**ENTRIES PROVIDED:**
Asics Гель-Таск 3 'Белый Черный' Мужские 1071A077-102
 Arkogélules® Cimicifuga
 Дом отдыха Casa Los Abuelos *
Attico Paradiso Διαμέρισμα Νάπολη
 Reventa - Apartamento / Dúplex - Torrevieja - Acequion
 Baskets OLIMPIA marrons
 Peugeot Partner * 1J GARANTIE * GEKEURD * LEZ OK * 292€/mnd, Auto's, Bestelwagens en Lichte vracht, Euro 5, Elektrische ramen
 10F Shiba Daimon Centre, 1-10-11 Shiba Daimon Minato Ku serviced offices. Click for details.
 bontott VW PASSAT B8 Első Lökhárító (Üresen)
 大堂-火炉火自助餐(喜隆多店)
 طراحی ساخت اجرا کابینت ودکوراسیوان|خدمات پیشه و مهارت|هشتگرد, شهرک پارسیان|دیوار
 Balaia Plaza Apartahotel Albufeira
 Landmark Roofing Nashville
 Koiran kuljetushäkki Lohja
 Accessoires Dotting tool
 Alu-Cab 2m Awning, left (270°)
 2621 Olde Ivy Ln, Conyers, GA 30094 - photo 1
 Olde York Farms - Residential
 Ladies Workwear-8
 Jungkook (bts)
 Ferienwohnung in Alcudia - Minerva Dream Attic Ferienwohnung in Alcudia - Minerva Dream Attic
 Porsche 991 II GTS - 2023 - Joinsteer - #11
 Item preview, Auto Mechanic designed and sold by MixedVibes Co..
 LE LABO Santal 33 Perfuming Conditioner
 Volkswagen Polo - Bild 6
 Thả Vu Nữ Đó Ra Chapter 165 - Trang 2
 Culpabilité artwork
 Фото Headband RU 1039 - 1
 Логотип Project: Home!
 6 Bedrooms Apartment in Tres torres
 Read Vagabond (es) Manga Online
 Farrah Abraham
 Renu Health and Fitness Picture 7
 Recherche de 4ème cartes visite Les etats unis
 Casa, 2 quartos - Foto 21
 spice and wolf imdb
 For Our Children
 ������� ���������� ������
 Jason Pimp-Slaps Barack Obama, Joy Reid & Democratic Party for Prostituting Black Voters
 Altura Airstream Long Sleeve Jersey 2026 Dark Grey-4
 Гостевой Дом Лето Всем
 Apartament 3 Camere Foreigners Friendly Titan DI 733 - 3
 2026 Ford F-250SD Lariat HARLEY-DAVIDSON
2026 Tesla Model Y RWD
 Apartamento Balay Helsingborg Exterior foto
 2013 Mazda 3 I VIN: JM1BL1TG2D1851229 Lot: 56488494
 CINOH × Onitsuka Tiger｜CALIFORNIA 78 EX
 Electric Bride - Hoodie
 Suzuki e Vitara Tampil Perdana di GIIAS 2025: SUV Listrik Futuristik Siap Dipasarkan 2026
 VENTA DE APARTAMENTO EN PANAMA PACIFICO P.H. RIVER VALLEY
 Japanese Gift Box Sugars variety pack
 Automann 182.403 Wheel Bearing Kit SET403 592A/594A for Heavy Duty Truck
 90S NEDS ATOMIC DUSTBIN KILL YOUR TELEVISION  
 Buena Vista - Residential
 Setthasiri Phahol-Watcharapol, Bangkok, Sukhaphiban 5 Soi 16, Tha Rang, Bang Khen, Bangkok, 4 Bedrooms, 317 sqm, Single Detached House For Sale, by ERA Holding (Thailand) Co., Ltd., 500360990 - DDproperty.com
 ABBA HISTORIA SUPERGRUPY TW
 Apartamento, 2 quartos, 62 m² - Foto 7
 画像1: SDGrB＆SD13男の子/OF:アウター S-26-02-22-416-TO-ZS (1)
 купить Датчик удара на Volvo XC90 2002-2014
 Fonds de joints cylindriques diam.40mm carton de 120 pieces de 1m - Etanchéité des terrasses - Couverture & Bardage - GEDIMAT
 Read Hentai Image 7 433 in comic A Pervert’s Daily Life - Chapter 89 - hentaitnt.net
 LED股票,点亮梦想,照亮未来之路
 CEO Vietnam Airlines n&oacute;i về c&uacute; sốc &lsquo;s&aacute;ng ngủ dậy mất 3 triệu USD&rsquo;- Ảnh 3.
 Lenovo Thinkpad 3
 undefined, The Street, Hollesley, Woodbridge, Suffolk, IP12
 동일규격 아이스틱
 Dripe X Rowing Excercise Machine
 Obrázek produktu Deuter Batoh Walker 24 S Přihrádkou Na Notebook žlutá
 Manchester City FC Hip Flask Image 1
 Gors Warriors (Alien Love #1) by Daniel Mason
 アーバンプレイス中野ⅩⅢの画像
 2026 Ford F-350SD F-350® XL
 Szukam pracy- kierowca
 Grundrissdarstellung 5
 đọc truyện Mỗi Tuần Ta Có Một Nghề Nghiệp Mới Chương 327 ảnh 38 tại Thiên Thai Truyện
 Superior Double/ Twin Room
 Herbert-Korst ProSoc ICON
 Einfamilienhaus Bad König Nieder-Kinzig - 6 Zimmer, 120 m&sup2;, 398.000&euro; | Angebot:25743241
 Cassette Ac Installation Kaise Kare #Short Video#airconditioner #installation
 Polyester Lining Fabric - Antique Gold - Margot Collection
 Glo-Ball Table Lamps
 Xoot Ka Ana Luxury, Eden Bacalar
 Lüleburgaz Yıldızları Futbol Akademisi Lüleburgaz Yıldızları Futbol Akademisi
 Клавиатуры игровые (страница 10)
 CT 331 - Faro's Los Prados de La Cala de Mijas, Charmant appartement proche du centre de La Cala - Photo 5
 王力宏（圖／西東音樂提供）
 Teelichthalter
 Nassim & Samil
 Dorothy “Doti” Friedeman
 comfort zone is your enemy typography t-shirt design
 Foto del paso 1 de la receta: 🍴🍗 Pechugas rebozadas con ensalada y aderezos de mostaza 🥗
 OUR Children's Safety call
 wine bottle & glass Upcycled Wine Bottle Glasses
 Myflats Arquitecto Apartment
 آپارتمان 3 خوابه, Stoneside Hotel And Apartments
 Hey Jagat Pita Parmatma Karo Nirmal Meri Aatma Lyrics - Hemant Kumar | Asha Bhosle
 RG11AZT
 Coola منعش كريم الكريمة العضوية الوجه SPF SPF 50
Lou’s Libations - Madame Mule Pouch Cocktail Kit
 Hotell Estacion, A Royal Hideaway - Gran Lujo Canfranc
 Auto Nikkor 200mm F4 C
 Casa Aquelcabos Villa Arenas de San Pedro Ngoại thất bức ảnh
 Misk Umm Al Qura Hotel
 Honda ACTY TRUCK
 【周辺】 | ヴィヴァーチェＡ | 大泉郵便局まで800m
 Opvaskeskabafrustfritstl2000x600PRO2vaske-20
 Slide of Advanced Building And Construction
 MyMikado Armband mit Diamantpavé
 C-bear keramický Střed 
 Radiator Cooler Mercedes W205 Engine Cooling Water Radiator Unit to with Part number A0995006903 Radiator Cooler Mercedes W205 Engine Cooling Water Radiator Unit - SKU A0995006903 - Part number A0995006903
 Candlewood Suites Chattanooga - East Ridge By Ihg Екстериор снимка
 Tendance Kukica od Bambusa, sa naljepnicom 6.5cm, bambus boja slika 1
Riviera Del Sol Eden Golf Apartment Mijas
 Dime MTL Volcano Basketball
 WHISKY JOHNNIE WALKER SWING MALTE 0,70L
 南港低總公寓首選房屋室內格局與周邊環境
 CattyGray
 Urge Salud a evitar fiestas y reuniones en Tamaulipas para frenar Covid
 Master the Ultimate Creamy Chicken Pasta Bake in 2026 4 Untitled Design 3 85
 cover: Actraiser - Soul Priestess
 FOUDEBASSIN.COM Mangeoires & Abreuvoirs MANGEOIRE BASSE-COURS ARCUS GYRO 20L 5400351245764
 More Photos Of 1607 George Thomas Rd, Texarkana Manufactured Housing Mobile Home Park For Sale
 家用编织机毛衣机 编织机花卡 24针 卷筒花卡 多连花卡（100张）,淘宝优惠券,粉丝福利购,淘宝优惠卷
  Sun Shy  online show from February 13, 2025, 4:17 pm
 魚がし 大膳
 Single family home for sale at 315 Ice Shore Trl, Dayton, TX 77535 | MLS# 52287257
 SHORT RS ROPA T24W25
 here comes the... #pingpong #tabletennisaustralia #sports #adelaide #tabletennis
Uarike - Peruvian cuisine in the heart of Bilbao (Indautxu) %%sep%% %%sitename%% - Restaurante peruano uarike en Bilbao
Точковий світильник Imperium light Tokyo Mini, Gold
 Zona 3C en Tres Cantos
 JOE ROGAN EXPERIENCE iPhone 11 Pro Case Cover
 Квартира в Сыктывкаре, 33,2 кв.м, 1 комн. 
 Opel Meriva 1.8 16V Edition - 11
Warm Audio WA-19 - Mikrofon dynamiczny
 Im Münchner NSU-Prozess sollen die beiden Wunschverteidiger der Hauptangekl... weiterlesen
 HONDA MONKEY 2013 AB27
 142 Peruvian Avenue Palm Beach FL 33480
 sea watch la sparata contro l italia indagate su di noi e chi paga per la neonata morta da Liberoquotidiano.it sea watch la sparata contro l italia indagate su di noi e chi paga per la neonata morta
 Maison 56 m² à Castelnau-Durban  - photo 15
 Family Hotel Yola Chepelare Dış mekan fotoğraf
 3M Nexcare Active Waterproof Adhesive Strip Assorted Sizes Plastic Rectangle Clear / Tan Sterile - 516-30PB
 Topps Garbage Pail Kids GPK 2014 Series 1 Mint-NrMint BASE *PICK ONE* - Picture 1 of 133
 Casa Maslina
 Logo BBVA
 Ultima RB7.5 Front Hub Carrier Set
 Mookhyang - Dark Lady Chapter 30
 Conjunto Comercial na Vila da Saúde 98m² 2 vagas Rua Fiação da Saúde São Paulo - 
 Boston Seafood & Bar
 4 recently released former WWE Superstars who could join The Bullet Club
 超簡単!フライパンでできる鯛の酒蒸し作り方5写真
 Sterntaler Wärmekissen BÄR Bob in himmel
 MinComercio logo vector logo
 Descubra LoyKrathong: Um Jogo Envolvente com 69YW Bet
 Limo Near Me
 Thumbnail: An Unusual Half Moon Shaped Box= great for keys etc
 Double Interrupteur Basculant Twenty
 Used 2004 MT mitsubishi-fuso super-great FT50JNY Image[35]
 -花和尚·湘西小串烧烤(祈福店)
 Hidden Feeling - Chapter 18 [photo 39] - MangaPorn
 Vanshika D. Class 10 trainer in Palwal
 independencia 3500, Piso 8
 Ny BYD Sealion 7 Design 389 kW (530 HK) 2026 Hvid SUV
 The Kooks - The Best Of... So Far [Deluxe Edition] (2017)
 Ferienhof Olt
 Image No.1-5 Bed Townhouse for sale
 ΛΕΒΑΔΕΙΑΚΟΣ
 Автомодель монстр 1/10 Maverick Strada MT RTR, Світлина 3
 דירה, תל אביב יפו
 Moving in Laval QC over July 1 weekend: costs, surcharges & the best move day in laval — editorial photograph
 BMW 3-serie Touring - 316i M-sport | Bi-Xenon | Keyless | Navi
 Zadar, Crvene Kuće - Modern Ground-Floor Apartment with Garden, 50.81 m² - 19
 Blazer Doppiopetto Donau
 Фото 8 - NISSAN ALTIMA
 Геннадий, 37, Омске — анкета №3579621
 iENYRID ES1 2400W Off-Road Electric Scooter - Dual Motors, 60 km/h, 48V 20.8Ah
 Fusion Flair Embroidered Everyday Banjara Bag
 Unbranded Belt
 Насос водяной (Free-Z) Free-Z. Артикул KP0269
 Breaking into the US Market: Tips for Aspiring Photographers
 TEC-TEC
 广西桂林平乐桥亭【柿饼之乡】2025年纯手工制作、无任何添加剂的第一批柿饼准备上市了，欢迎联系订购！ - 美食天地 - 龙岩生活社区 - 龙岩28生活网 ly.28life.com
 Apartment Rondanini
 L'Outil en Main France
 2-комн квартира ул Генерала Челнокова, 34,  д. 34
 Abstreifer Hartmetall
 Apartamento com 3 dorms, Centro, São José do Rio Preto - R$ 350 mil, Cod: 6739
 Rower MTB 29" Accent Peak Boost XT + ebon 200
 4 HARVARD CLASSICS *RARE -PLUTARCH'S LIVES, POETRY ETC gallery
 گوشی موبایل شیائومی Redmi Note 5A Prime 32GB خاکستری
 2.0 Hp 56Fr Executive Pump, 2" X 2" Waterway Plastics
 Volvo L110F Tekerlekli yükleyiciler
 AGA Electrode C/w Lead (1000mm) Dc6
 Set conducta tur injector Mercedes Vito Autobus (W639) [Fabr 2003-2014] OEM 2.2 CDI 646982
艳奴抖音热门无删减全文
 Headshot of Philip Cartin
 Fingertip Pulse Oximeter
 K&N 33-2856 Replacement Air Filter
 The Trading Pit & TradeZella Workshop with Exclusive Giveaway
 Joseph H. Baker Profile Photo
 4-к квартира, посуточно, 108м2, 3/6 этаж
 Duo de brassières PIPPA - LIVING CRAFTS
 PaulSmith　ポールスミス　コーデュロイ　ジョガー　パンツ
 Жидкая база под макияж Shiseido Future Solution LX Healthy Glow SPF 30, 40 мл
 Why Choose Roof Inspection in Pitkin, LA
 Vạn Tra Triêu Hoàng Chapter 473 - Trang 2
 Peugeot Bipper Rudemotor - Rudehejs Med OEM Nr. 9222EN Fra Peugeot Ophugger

**TASK INSTRUCTIONS:** Wherever the line holding "Fusion Flair Embroidered" falls in the entries above, copy exactly from it through the line holding "2.0 Hp 56Fr", inclusive, and add nothing.

**EXERCISE SOLUTION:**
 Fusion Flair Embroidered Everyday Banjara Bag
 Unbranded Belt
 Насос водяной (Free-Z) Free-Z. Артикул KP0269
 Breaking into the US Market: Tips for Aspiring Photographers
 TEC-TEC
 广西桂林平乐桥亭【柿饼之乡】2025年纯手工制作、无任何添加剂的第一批柿饼准备上市了，欢迎联系订购！ - 美食天地 - 龙岩生活社区 - 龙岩28生活网 ly.28life.com
 Apartment Rondanini
 L'Outil en Main France
 2-комн квартира ул Генерала Челнокова, 34,  д. 34
 Abstreifer Hartmetall
 Apartamento com 3 dorms, Centro, São José do Rio Preto - R$ 350 mil, Cod: 6739
 Rower MTB 29" Accent Peak Boost XT + ebon 200
 4 HARVARD CLASSICS *RARE -PLUTARCH'S LIVES, POETRY ETC gallery
 گوشی موبایل شیائومی Redmi Note 5A Prime 32GB خاکستری
 2.0 Hp 56Fr Executive Pump, 2" X 2" Waterway Plastics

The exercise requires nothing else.